[[ Material supplied, beginning ]]
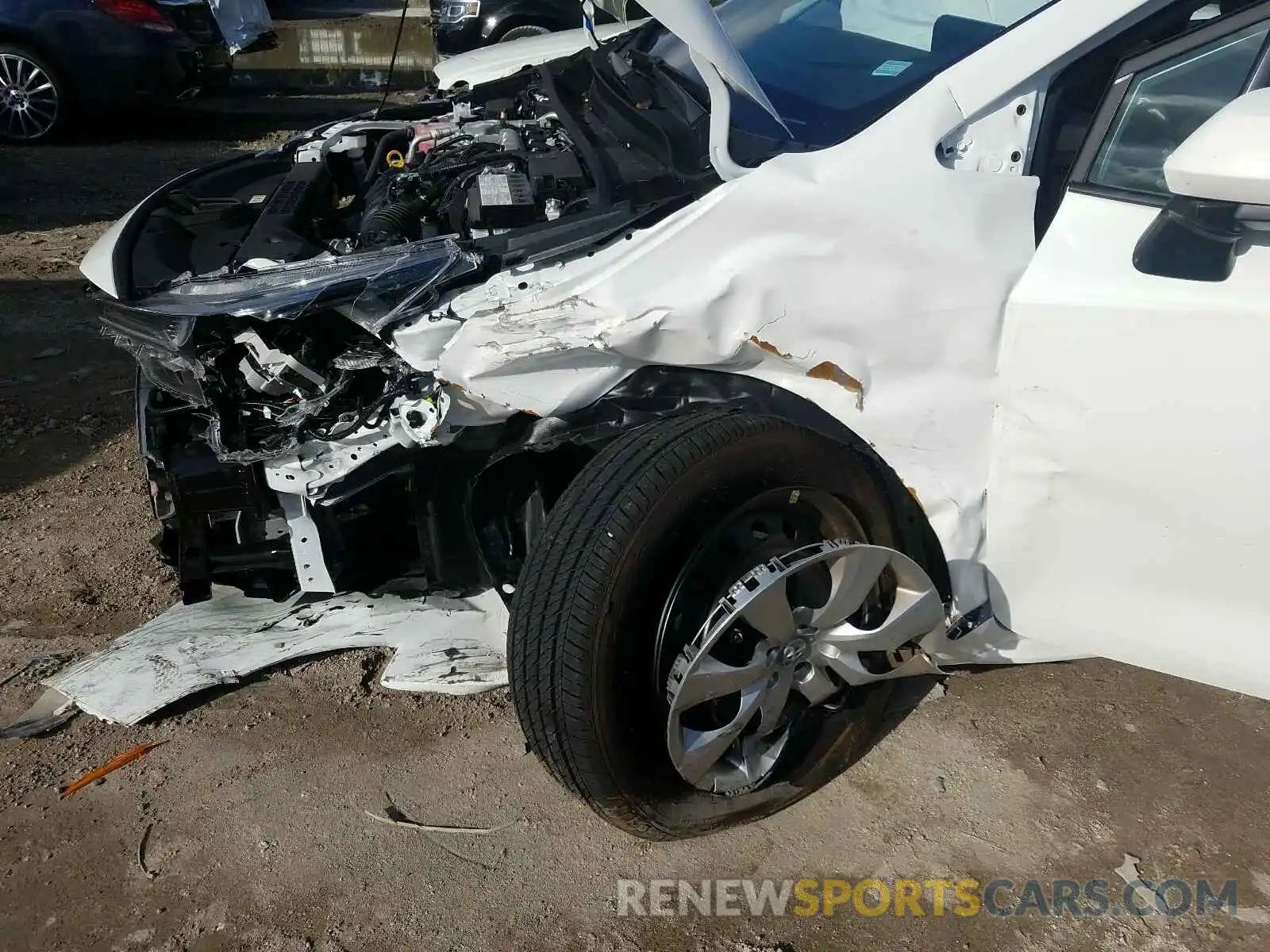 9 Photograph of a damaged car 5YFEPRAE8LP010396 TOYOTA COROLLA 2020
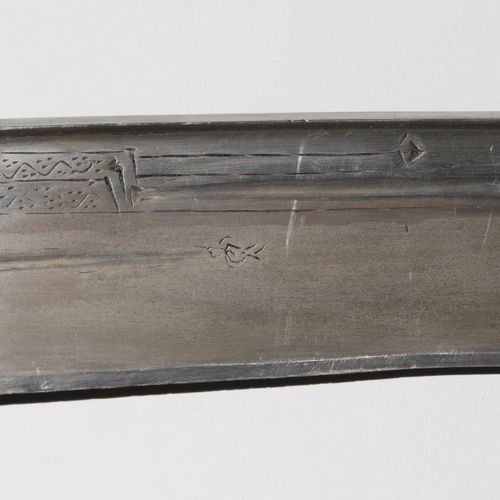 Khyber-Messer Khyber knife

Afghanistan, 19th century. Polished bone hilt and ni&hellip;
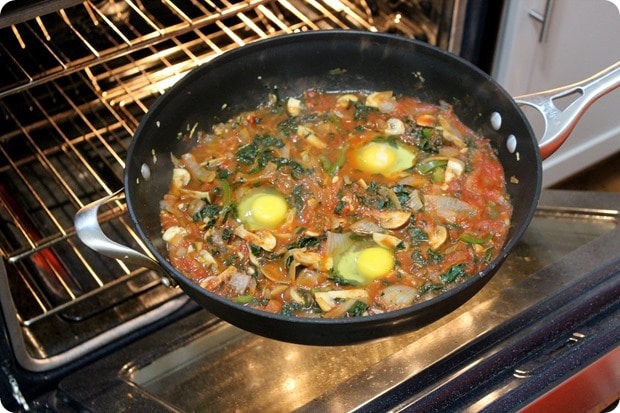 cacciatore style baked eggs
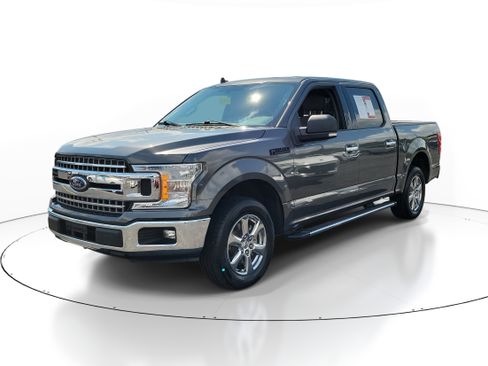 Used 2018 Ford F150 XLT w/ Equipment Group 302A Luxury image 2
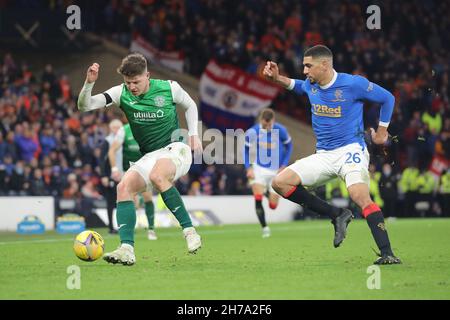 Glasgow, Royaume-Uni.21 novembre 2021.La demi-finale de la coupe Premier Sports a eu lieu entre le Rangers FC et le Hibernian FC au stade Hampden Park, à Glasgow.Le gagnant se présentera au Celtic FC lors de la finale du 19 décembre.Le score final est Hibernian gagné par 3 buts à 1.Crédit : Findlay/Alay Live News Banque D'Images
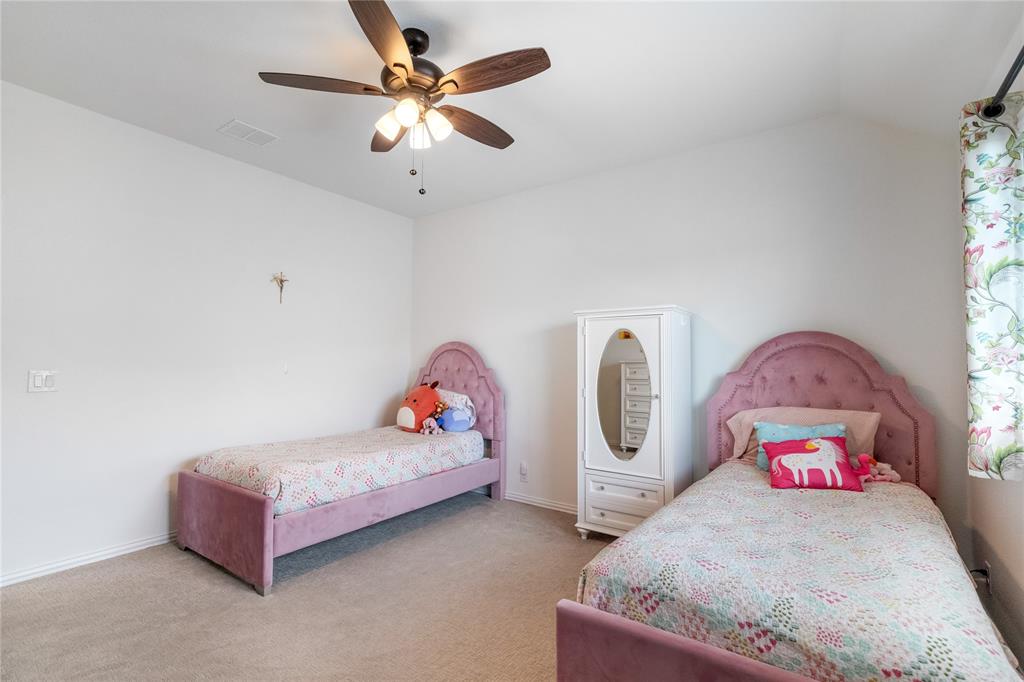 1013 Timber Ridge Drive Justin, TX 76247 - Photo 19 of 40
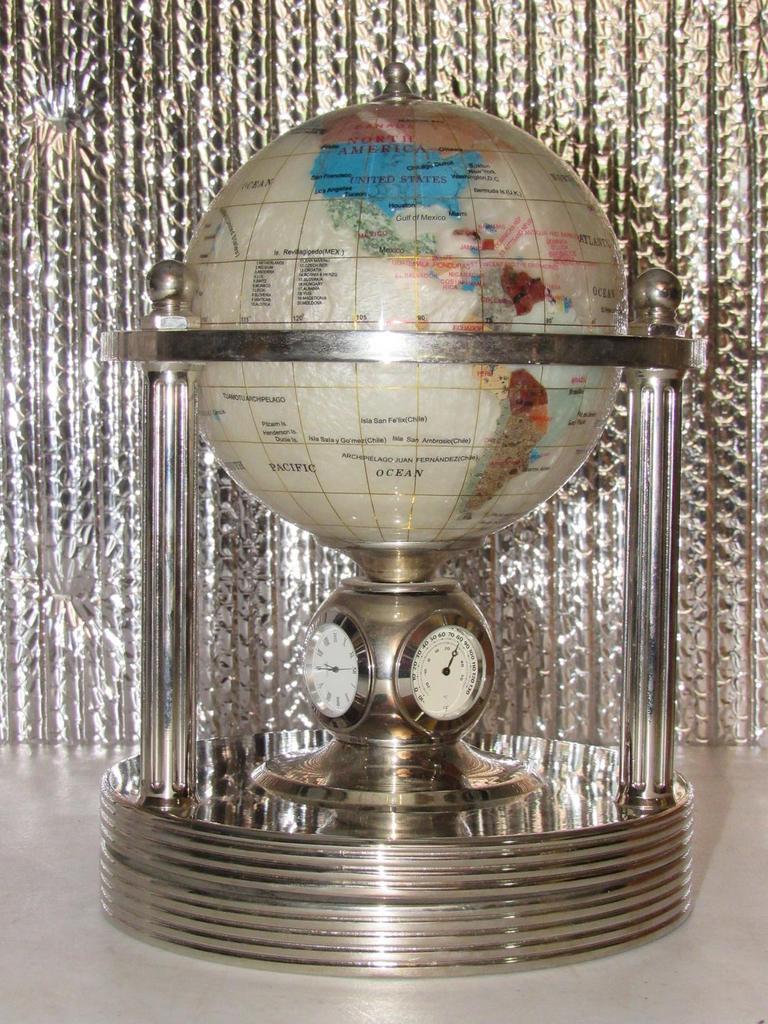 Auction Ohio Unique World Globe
[[ Material supplied, end ]]
▶ Activity
Take the line containing "1013 Timber Ridge" as the first line and the last line of the data above as the final one, and output exactly the lines between them, inclusive, with no pictures.

▶ Output for this task
 1013 Timber Ridge Drive Justin, TX 76247 - Photo 19 of 40
 Auction Ohio Unique World Globe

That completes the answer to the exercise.